- Provided records

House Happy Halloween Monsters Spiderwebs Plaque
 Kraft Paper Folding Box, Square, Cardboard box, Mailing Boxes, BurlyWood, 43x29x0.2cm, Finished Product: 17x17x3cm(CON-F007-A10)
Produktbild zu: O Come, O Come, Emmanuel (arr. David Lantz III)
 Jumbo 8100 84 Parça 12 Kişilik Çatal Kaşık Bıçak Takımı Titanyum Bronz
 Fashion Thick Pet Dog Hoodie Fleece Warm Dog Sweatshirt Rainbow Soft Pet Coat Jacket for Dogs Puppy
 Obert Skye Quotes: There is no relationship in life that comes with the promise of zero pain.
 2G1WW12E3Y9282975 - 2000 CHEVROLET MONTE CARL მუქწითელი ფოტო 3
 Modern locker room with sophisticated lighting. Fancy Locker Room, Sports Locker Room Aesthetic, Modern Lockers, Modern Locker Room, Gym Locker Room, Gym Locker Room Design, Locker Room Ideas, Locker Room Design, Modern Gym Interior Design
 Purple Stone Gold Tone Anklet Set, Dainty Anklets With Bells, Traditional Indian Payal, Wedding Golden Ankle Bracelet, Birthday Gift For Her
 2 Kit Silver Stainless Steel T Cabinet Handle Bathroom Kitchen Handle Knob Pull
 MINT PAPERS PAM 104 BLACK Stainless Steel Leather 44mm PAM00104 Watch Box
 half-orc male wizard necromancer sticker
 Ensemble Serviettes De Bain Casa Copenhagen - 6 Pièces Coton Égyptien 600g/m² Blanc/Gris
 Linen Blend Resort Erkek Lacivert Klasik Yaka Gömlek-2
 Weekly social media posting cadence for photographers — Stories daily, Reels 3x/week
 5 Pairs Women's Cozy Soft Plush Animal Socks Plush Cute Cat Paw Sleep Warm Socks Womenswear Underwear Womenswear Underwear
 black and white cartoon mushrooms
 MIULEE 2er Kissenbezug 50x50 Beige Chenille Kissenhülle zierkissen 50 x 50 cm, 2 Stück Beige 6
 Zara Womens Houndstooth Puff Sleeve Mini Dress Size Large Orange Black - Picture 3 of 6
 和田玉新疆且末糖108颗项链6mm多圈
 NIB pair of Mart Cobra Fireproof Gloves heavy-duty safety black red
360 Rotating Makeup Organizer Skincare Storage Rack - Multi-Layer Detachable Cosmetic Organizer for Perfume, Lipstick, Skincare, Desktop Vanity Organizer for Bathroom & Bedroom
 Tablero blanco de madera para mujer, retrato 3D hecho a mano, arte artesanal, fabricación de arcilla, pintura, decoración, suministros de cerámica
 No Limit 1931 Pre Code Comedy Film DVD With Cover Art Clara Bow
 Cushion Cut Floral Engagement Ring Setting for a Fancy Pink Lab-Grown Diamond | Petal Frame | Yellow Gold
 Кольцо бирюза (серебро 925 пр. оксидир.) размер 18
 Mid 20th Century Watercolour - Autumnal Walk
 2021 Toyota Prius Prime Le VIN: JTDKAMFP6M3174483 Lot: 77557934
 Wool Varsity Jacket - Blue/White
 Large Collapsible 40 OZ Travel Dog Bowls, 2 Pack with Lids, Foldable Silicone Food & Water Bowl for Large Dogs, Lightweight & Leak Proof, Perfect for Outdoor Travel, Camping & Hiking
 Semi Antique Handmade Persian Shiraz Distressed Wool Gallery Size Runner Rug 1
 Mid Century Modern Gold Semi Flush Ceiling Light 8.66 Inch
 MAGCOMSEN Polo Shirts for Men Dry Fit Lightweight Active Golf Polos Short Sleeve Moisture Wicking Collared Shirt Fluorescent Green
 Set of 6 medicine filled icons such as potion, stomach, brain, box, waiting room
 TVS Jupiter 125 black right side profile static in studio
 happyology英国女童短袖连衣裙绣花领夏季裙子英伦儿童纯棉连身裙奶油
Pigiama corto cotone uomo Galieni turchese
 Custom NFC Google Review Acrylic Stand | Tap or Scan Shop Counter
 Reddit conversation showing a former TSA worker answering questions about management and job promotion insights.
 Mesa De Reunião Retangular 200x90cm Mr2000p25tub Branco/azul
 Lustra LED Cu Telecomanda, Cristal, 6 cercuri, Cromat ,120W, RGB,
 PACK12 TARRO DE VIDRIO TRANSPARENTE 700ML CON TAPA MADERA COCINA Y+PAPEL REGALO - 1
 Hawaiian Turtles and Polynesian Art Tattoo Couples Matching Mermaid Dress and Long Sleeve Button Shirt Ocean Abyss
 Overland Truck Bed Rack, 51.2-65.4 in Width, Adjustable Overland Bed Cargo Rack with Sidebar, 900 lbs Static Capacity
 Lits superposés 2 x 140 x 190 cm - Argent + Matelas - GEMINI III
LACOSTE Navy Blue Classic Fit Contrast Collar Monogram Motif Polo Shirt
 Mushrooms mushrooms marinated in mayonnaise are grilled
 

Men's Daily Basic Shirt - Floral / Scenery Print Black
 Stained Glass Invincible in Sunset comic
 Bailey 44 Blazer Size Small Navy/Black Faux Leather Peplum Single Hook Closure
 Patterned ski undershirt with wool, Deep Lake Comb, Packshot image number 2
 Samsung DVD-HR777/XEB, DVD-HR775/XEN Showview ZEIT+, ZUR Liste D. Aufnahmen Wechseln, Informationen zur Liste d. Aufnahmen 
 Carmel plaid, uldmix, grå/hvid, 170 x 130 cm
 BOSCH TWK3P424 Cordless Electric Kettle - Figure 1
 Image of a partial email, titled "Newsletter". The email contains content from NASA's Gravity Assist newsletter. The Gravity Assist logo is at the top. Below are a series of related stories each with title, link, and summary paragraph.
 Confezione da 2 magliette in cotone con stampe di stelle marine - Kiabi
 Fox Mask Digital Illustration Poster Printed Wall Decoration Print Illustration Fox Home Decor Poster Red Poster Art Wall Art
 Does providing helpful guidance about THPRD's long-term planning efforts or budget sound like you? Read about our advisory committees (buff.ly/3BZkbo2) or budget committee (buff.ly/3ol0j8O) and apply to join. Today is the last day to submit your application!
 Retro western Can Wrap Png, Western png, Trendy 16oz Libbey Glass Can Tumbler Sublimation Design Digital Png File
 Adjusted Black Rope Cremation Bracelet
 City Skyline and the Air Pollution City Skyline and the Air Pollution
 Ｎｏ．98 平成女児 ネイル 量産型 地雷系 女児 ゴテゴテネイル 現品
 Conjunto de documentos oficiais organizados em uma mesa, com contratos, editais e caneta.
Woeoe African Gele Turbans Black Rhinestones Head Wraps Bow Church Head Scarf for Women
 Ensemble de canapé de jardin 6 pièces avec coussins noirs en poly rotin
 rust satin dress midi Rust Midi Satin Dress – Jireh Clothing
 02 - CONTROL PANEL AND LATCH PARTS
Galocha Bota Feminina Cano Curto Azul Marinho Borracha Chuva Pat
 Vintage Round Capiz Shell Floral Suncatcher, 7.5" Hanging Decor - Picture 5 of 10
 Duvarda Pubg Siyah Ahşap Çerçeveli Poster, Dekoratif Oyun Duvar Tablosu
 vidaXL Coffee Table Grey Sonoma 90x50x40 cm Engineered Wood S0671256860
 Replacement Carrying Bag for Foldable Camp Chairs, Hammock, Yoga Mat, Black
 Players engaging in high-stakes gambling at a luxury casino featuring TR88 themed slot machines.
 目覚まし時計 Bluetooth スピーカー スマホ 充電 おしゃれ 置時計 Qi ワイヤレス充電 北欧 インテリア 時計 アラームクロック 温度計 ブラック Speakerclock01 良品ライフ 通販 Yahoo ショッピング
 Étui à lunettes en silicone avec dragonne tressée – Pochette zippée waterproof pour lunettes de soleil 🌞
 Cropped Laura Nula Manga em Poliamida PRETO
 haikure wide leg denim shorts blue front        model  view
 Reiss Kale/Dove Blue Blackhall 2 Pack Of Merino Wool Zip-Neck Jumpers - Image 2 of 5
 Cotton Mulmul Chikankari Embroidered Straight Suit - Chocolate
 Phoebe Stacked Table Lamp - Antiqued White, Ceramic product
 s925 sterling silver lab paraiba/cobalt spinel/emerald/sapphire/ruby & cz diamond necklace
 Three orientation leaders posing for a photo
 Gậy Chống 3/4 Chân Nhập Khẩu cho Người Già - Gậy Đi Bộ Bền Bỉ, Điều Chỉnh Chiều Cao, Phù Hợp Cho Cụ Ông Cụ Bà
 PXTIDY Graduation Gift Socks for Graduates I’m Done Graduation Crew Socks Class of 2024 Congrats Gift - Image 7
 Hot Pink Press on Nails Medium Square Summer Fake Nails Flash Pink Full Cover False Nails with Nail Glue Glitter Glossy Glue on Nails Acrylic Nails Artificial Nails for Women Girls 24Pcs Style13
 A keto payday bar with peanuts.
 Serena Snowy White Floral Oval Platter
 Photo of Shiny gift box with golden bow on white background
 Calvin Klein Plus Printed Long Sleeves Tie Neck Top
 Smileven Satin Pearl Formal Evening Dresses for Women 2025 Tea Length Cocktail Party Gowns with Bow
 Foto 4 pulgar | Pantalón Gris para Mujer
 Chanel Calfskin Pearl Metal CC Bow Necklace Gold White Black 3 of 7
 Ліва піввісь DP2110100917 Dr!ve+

- Exercise objective
There is a run of lines above from the one with "Étui à lunettes" to the one with "haikure wide leg"; print exactly that run, both ends included, and nothing else.

- Problem solution
 Étui à lunettes en silicone avec dragonne tressée – Pochette zippée waterproof pour lunettes de soleil 🌞
 Cropped Laura Nula Manga em Poliamida PRETO
 haikure wide leg denim shorts blue front        model  view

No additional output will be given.